Performance improvements for postgres query with a large array parameter
We have a performance issue with a query that runs against large table
query GetSecurities($isin: [String!]) {
debtsecurities(
where: {
ISIN: {_in: $isin}
}
)
{
CUSIP
ISIN
Ticker
}
}
All database indexes are in place and data is in shared memory.

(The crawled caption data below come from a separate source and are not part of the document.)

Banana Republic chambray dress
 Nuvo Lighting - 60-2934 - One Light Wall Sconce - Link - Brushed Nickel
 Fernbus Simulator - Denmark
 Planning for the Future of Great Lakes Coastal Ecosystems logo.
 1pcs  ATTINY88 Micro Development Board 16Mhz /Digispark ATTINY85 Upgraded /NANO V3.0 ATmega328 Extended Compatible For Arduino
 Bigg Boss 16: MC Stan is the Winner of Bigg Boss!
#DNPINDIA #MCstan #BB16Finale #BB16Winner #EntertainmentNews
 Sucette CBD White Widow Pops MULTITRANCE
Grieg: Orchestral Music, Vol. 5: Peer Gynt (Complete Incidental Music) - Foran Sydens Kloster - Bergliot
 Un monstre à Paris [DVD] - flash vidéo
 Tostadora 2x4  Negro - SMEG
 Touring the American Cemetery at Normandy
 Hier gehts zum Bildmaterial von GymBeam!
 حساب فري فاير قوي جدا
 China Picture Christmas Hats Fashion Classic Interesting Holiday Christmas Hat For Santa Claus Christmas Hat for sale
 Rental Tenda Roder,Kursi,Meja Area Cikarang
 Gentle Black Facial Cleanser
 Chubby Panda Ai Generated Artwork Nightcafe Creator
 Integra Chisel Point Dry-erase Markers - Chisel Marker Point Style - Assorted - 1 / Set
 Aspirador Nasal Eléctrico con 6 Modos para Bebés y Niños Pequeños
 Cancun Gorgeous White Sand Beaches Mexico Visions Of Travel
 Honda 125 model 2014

The database we use is postgres 14.x and we use hasura/graphql-engine:v2.41.0.cli-migrations-v2 docker image
The performance issue appears when $isin parameter has 10k+ or more items
SELECT
coalesce(json_agg("root"), '[]') AS "root"
FROM
(
SELECT
row_to_json(
(
SELECT
"_e"
FROM
(
SELECT
"_root.base"."CUSIP" AS "CUSIP",
"_root.base"."ISIN" AS "ISIN",
"_root.base"."Ticker" AS "Ticker"
) AS "_e"
)
) AS "root"
FROM
(
SELECT
*
FROM
"public"."Securities"
WHERE
(
("public"."Securities"."ISIN") = ANY(
(
'{"isin1",...,"isin10K+"}'
) :: varchar []
)
)
) AS "_root.base"
) AS "_root"
so the query runs for 2+ minutes
if the code inside ANY is replaced from array to a list of values like in the query below the results comes in subsecond
SELECT
coalesce(json_agg("root"), '[]') AS "root"
FROM
(
SELECT
row_to_json(
(
SELECT
"_e"
FROM
(
SELECT
"_root.base"."CUSIP" AS "CUSIP",
"_root.base"."ISIN" AS "ISIN",
"_root.base"."Ticker" AS "Ticker"
) AS "_e"
)
) AS "root"
FROM
(
SELECT
*
FROM
"public"."Securities"
WHERE
(
("public"."Securities"."ISIN") = ANY(
(
VALUES('isin1'), ('...'), ('isin10K')
)
)
) AS "_root.base"
) AS "_root"
The solution is described in the article here https://www.datadoghq.com/blog/100x-faster-postgres-performance-by-changing-1-line/
It would be cool to incorporate this into harusa connector
Thank you for the report. We intend on to benchmark these two approaches together with the new approach we use in ndc-postgres and get a better understanding on how to improve the situation for v3.
For v2, we don't plan to prioritize this at the moment, however it is likely that this problem can be mitigated using Native Queries if necessary.